In R2, the entire expression match failed due to forced non-backtracking.

(10) Forward pre-search, reverse pre-search
Forward pre-Search declaration format: Positive declaration "(? = ...)", Negative declaration "(?! ) ", the declaration itself is not part of the final matching result, see the following example:

Reverse pre-Search declaration format: Positive declaration "(? <=)", Negative Declaration "(? <!)", the declaration itself is not part of the final matching result, see the following example:


string x = "1024x768 used 2048 free";
Regex r1 = new Regex (@ "\d{4} (? = used)");
if (R1. Matches (x). Count==1)
{
Console.WriteLine ("R1 match:" + R1. Match (x). Value);//output: 1024
}
Regex r2 = new Regex (@ "\d{4} (?! used)");
if (R2. Matches (x). Count==1)
{
Console.WriteLine ("R2 match:" + R2. Match (x). Value); Output: 2048
}
A positive declaration in R1 indicates that the "used" must be followed immediately after the four-digit number, and that a negative declaration in R2 indicates that a four-digit number cannot be followed by a "used".

(11) Hexadecimal character range
In regular expressions, you can use "\xxx" and "\uxxxx" to denote one character ("X" means a hexadecimal number) as a character range:
\xxx characters with a range of 0 to 255, for example: spaces can be represented by "\x20".
\uxxxx any character can be represented by using "\u" plus its numbered 4-digit hexadecimal number, for example: Kanji can be represented using "[\u4e00-\u9fa5]".


(12) A more complete match for [0,100]
The following is a more comprehensive example of a match [0,100] where special considerations are required including
*00 Legal, 00. Legal, 00.00 Legal, 001.100 legal
* Empty string illegal, only the decimal point is not legal, more than 100 illegal
* values are suffixed, such as "1.07f" means that the value is a float type (not considered)


Regex r = new Regex (@ "^\+?0* (?: 100 (\.0*)? | (\d{0,2} (? =\.\d) |\d{1,2} (? = ($|\.$))) (\.\d*)?) $");
string x = "";
while (true)
{
x = Console.ReadLine ();
if (x! = "Exit")
{
if (R.ismatch (x))
{
Console.WriteLine (x + "succeed!");
}
Else
{
Console.WriteLine (x + "failed!");
}
}
Else
{
Break
}
}

(13) Exact matching is sometimes difficult.
Some requirements to achieve accurate matching is difficult, such as: date, URL, email address, and some of them you even need to study some special documents to write accurate and complete expression, for this situation, can only be returned to the second, to ensure a more accurate match. For example, for a date, you can consider a short period of time based on the actual application system, or for a match like email, you can consider only the most common form.

Getting Started with C # regular expressions

Related Article

Contact Us

The content source of this page is from Internet, which doesn't represent Alibaba Cloud's opinion; products and services mentioned on that page don't have any relationship with Alibaba Cloud. If the content of the page makes you feel confusing, please write us an email, we will handle the problem within 5 days after receiving your email.

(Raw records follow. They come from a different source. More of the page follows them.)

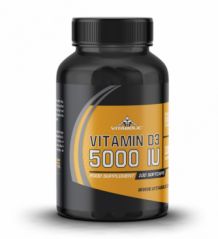 Poză Vitamin D3 5000UI 100 softcaps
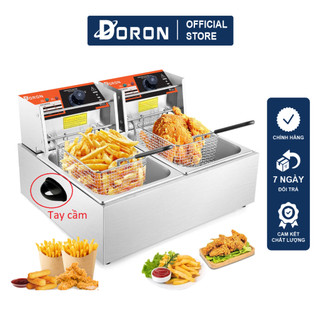 Bếp chiên nhúng điện DORON 5000W gia nhiệt nhanh, chống quá nhiệt, quá tải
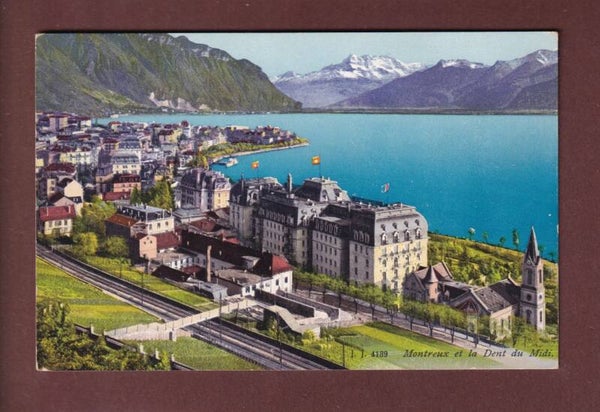 MONTREUX - Dents du Midi - 1916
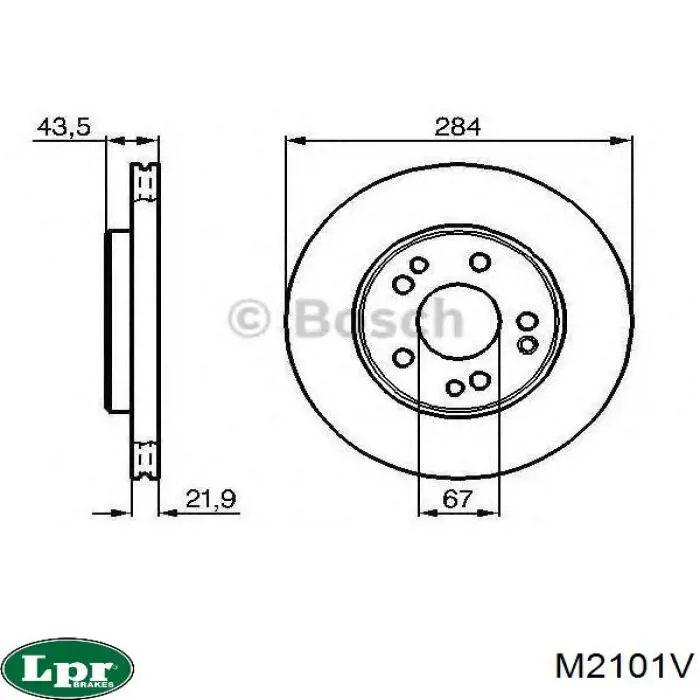 M2101V LPR freno de disco delantero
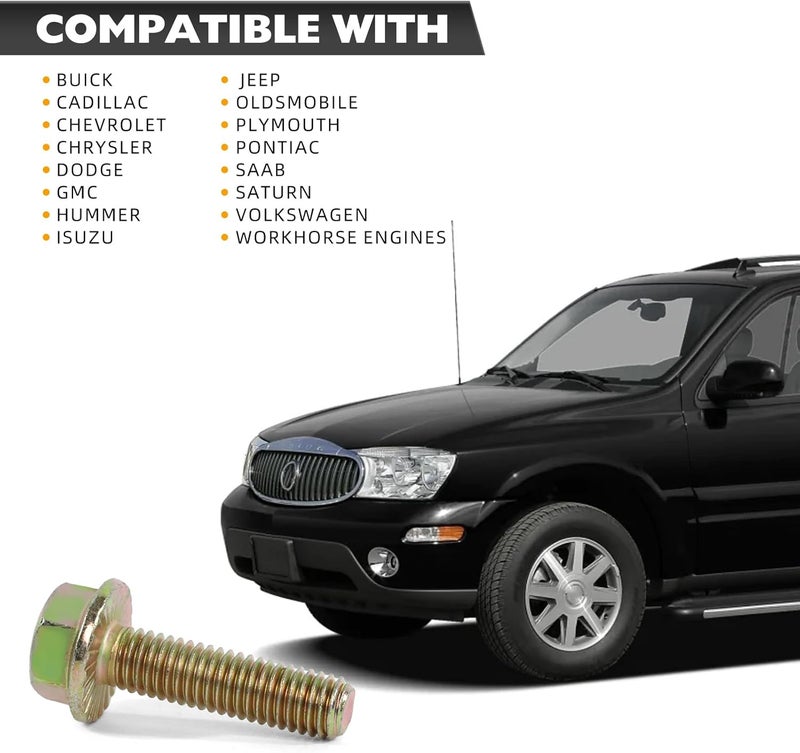 CHENACC 75120 Exhaust Manifold Bolts Hardware Kit Grade 10.9 For LS1 Header Bolts LSX LS2 LS3 LS6 LS7 Exhaust Bolts Anti-Corrosion 03413B 11518860 11609481 6506775AA, and 6507423AA For Chevy Gmc Buick - Image 4
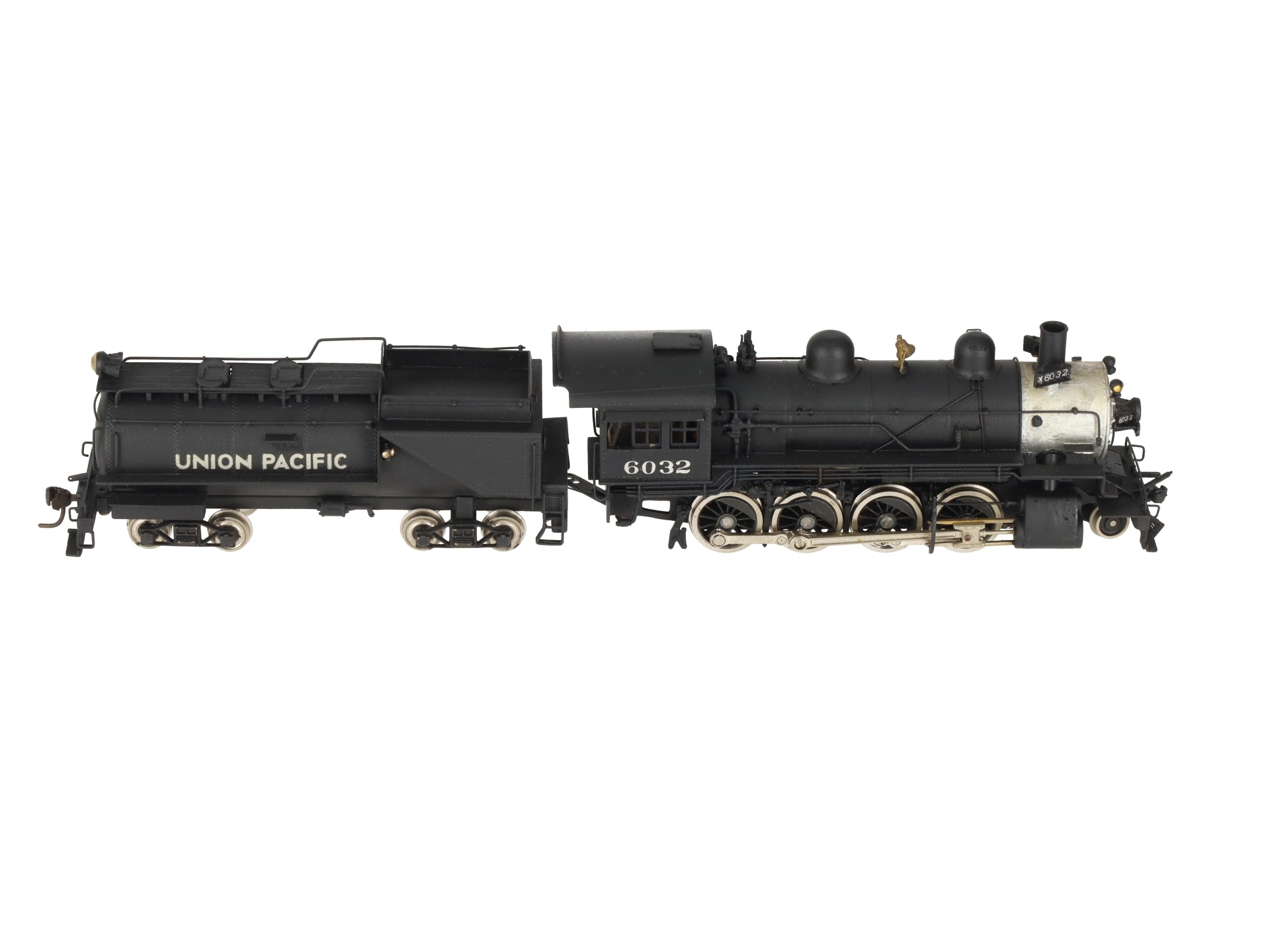 United Models HO Scale BRASS UP 2-8-0 Locomotive & Tender #6032 - Painted/Box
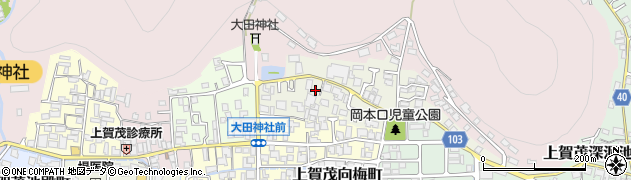 京都府京都市北区上賀茂岡本町周辺の地図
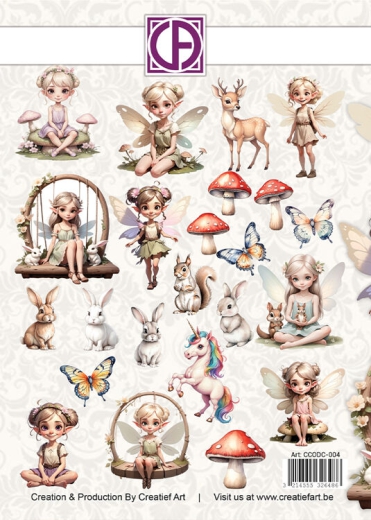 DDODC-004  Creative CutOuts Forest Fairies 23 Teile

If you find any instances of plagiarism from the community, please send an email to: info-contact@alibabacloud.com and provide relevant evidence. A staff member will contact you within 5 working days.

A Free Trial That Lets You Build Big!

Start building with 50+ products and up to 12 months usage for Elastic Compute Service

  • Sales Support

    1 on 1 presale consultation

  • After-Sales Support

    24/7 Technical Support 6 Free Tickets per Quarter Faster Response

  • Alibaba Cloud offers highly flexible support services tailored to meet your exact needs.